→ What is being asked:
Once you find the line with "Inflatable Footrest Cushion" in the data below, transcribe exactly each line from there to the line with "Park Lake Side", inclusive, and nothing else. Drop the pictures.

[Opening Records shown section]

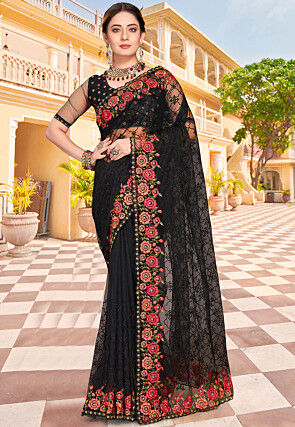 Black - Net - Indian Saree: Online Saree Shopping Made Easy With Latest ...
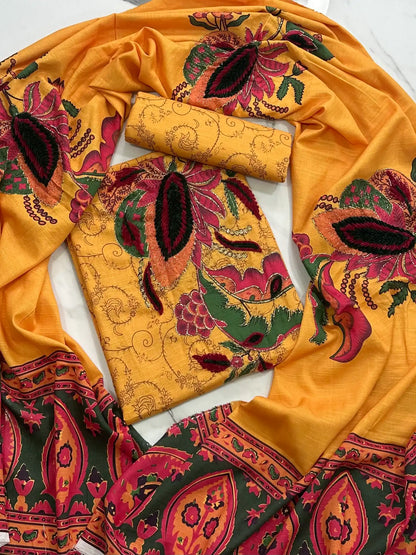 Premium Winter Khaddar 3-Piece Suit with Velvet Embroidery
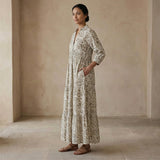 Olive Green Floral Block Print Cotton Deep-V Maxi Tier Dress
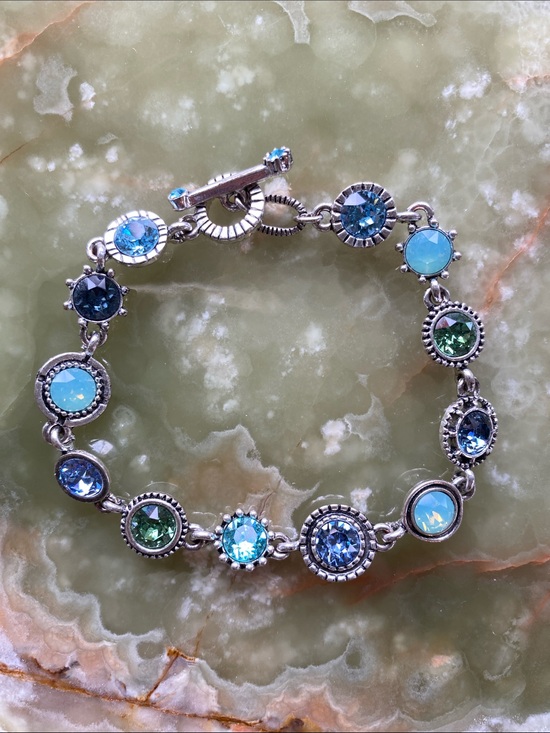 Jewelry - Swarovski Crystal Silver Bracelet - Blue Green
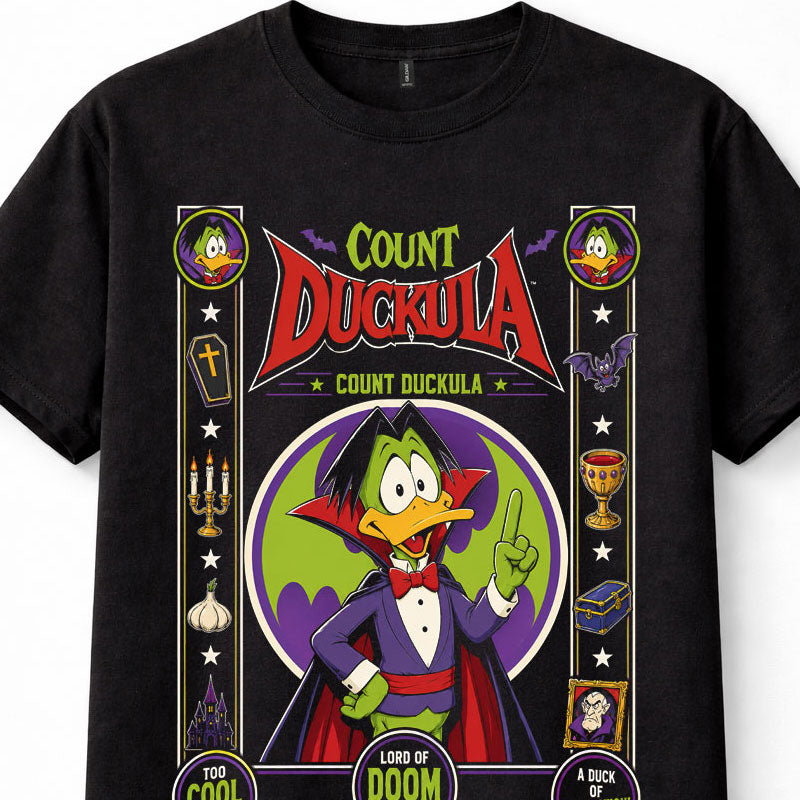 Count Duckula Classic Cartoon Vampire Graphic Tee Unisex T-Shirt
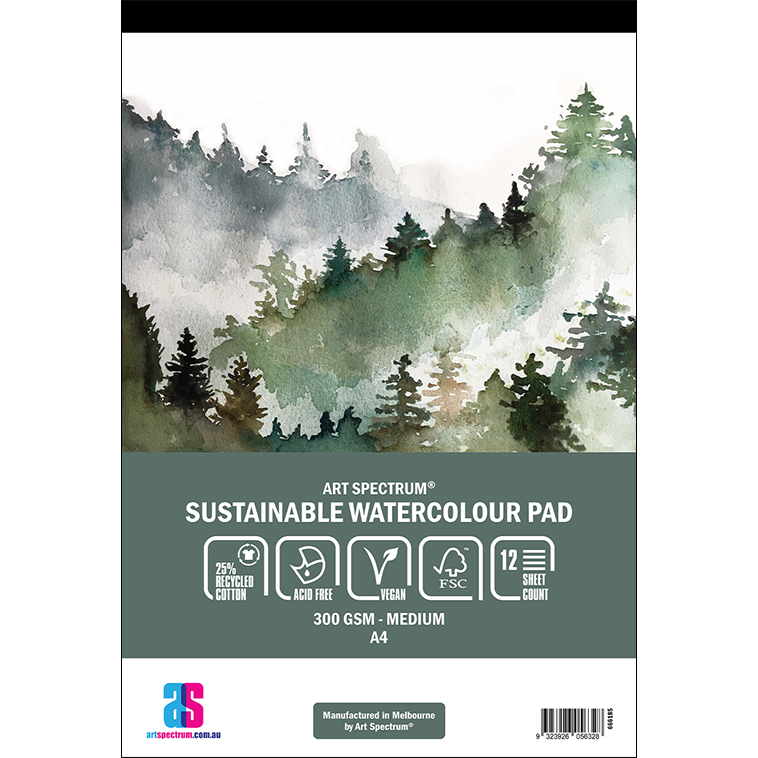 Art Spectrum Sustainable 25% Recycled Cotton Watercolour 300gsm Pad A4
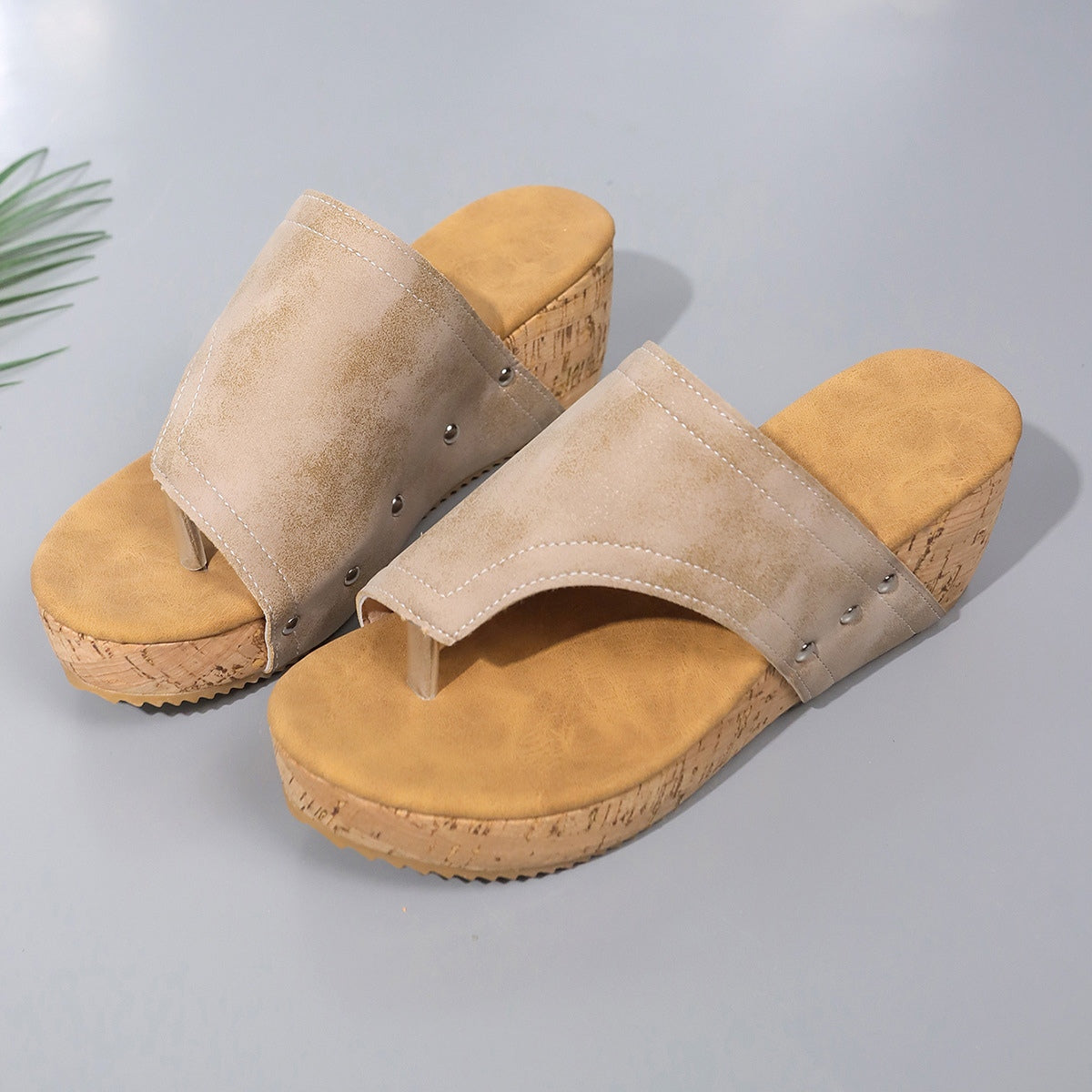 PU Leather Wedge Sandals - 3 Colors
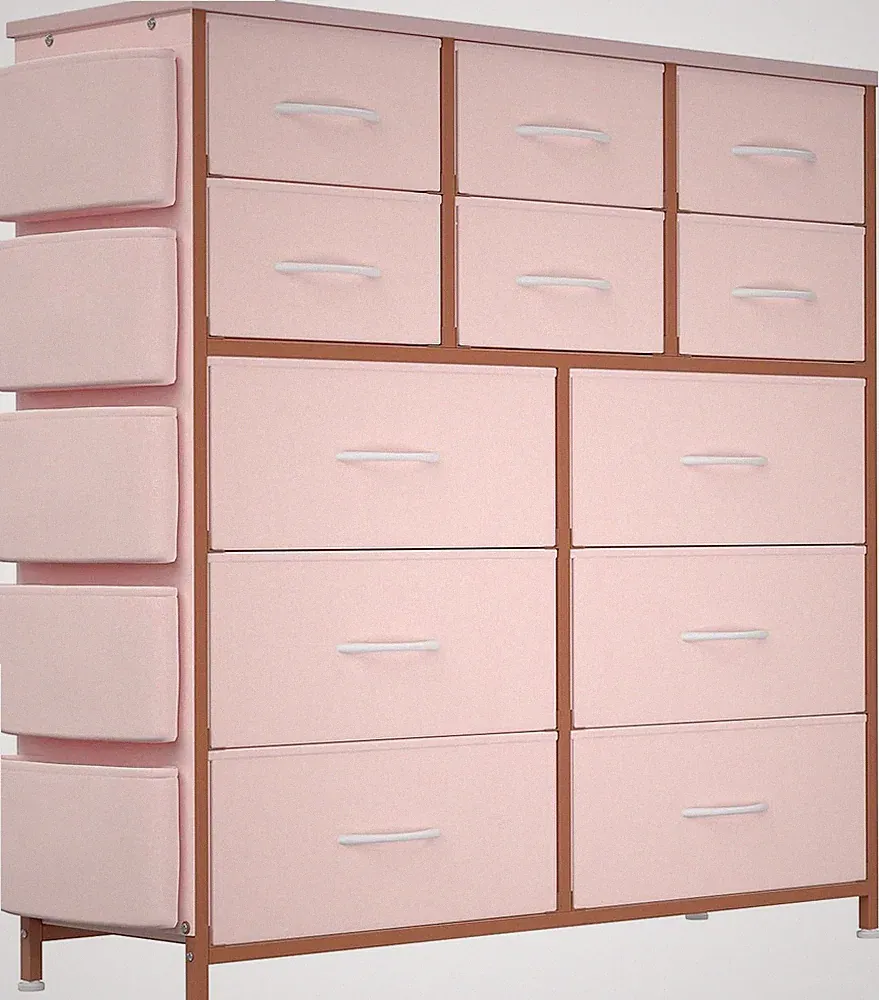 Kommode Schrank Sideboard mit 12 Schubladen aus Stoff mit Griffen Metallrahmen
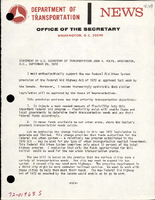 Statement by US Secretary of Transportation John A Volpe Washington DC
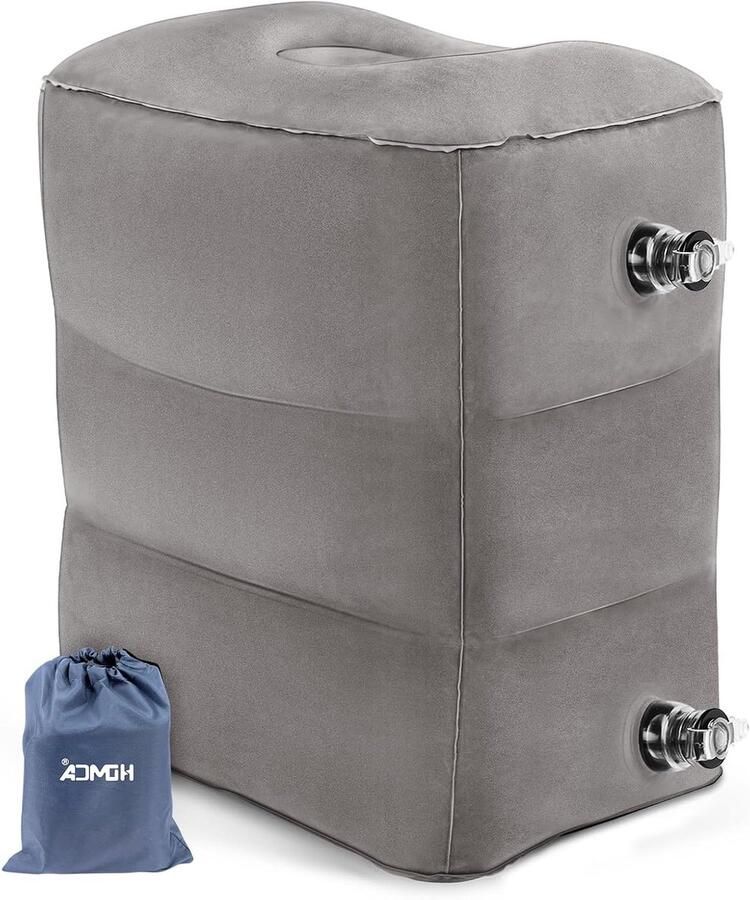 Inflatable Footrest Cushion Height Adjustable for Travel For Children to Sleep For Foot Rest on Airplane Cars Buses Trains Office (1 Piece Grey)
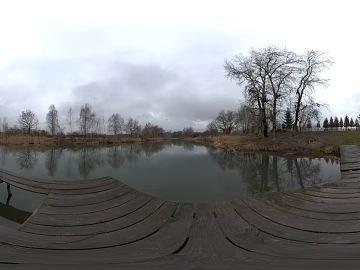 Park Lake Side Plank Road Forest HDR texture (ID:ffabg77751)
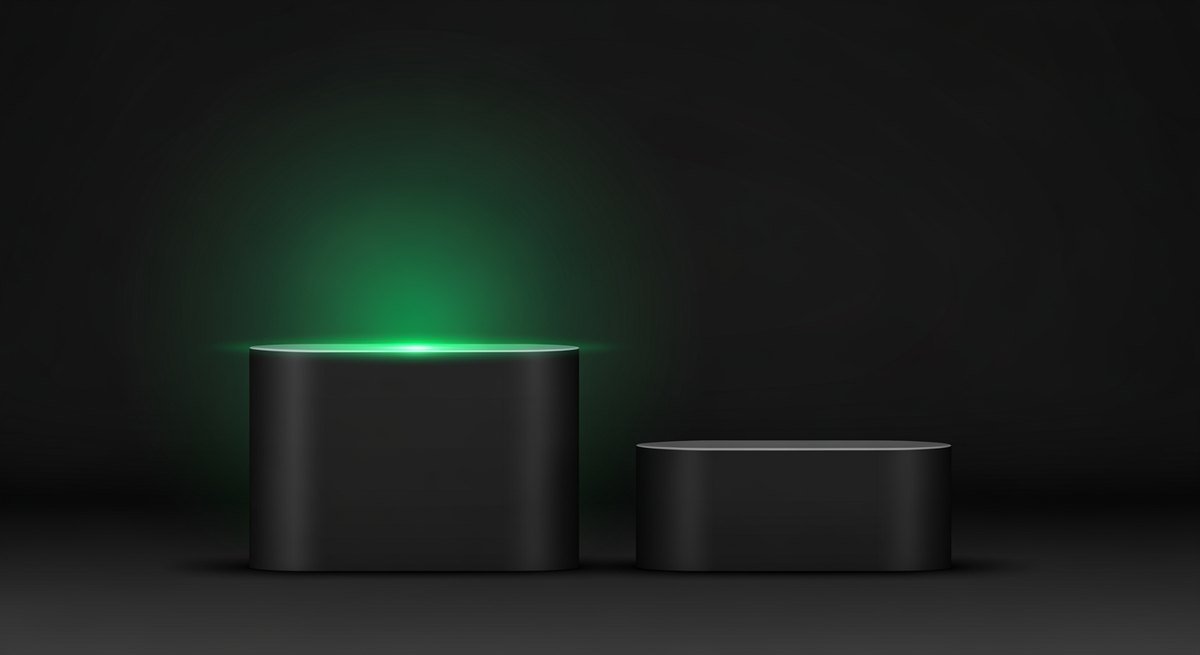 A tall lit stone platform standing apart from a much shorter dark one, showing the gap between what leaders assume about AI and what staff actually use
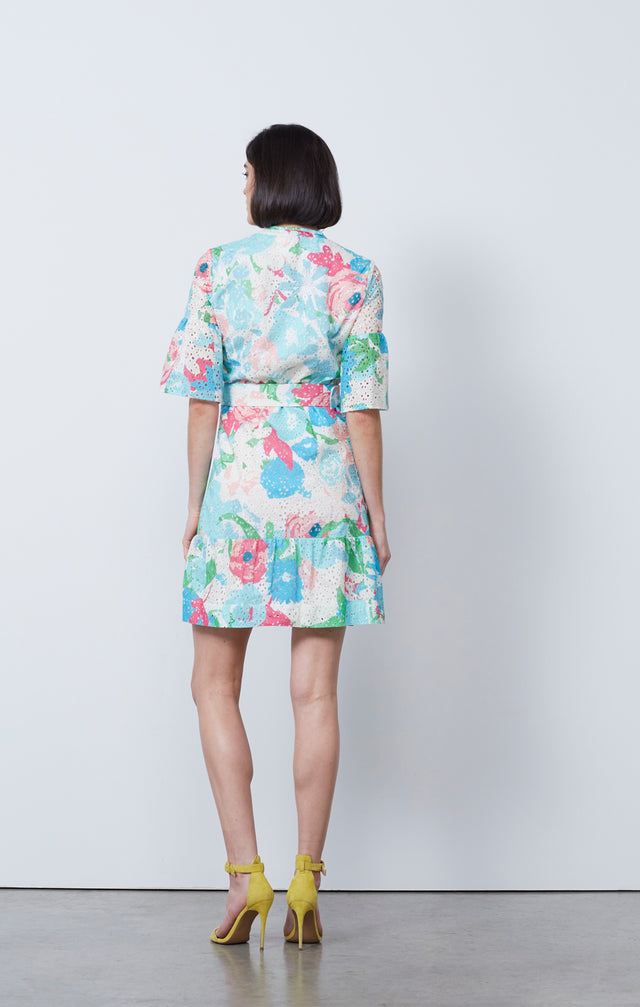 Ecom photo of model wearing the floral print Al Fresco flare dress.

[Closing Records shown section]

→ Solution to the exercise:
 Inflatable Footrest Cushion Height Adjustable for Travel For Children to Sleep For Foot Rest on Airplane Cars Buses Trains Office (1 Piece Grey)
 Park Lake Side Plank Road Forest HDR texture (ID:ffabg77751)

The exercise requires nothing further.